In his amended complaint, Hoesch claimed he paid more than $19,000 in boarding fees and lost “the benefit of more than two years of Mercedes’ love and affection.” He sought damages for boarding expenses, emotional distress, and loss of love and companionship. He also claimed that the county’s unconstitutional ordinance had violated his equal-protection rights.
The county tried to dismiss Hoesch’s inverse-condemnation claim, arguing that Hoesch asked for damages that exceeded the value of the seized property.
But U.S. District Judge Kenneth Marra rejected the county’s argument. Though Marra agreed that damages for boarding expenses, emotional distress, and loss of love and companionship are not recoverable, he concluded that “in a situation of a temporary taking, plaintiff is entitled to damages for loss of use of the property due to the taking.”
Marra dismissed Hoesch’s equal-protection claim, finding that Hoesch had failed to prove the county had treated him differently from other dog owners.
“Simply put, plaintiff’s equal protection claim suffers from a fundamental defect,” Marra wrote. “Plaintiff complains that Broward County has treated him differently than another government body, the state of Florida, treats him and others. This is a faulty assertion because an equal protection claim prohibits the same governmental body from treating similarly situated people differently.
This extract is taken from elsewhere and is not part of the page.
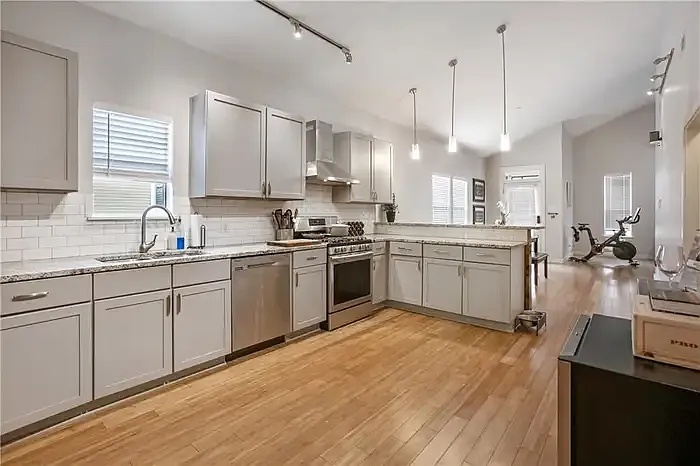 Renovated kitchen with gas range and vaulted ceilings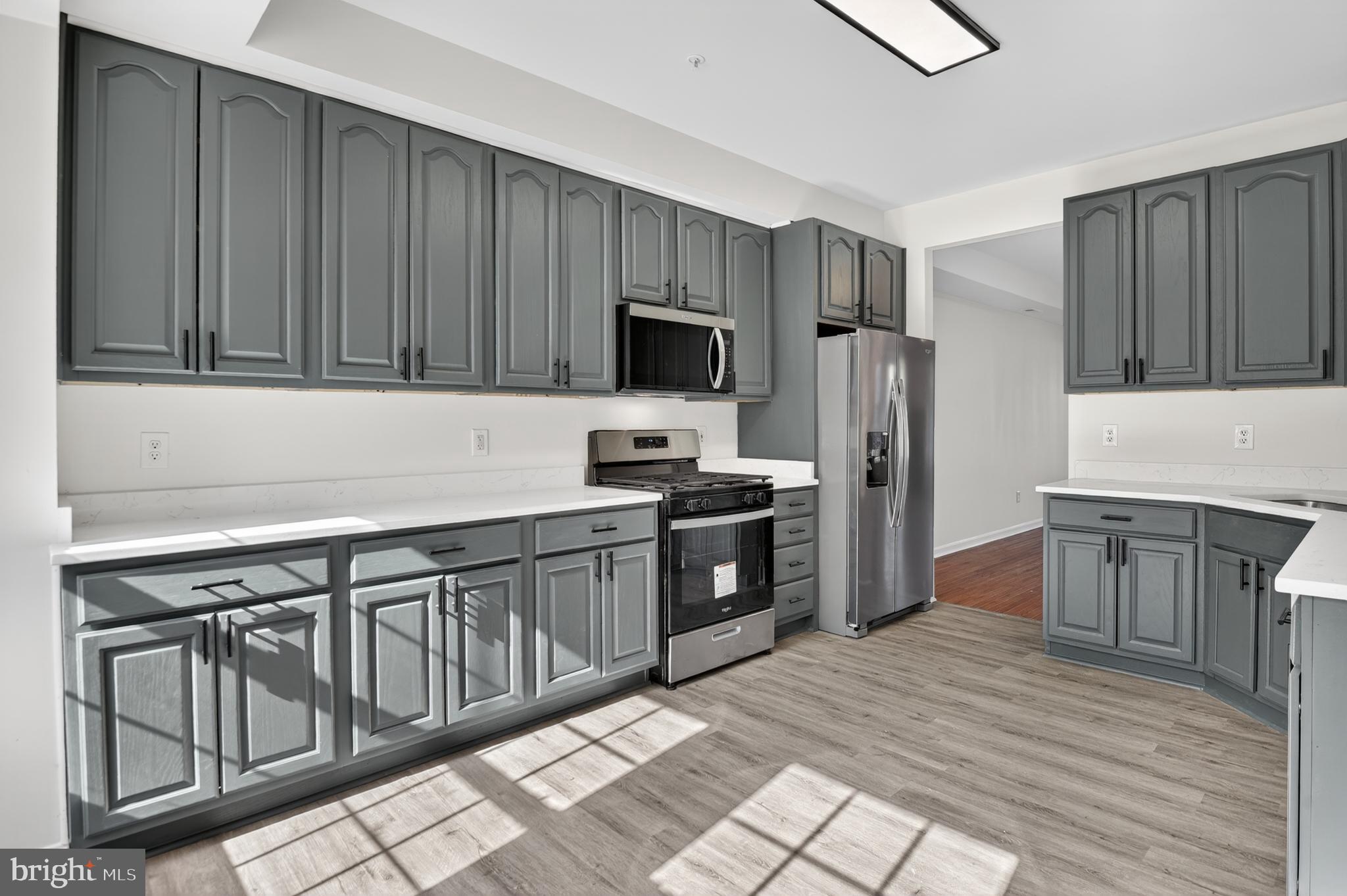 280 Brock Bridge Road Laurel, MD 20724 - Photo 7 of 22 a kitchen with granite countertop a refrigerator stove top oven and sink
Plaintiff’s claim, however, alleges that different government bodies treated similarly situated persons (i.e., dog owners) differently.” (Parentheses in original.)
The court allowed Hoesch to bring the equal-protection claim again in an amended complaint.
Marra refused to remand Hoesch’s case to state court, finding that separating the state-law claim and the federal claim could lead to parallel proceedings, wasting judicial resources.
The court also rejected Hoesch’s argument that the inverse-condemnation claim concerned “a novel or complex issue of state law,” and chose to retain jurisdiction over both claims.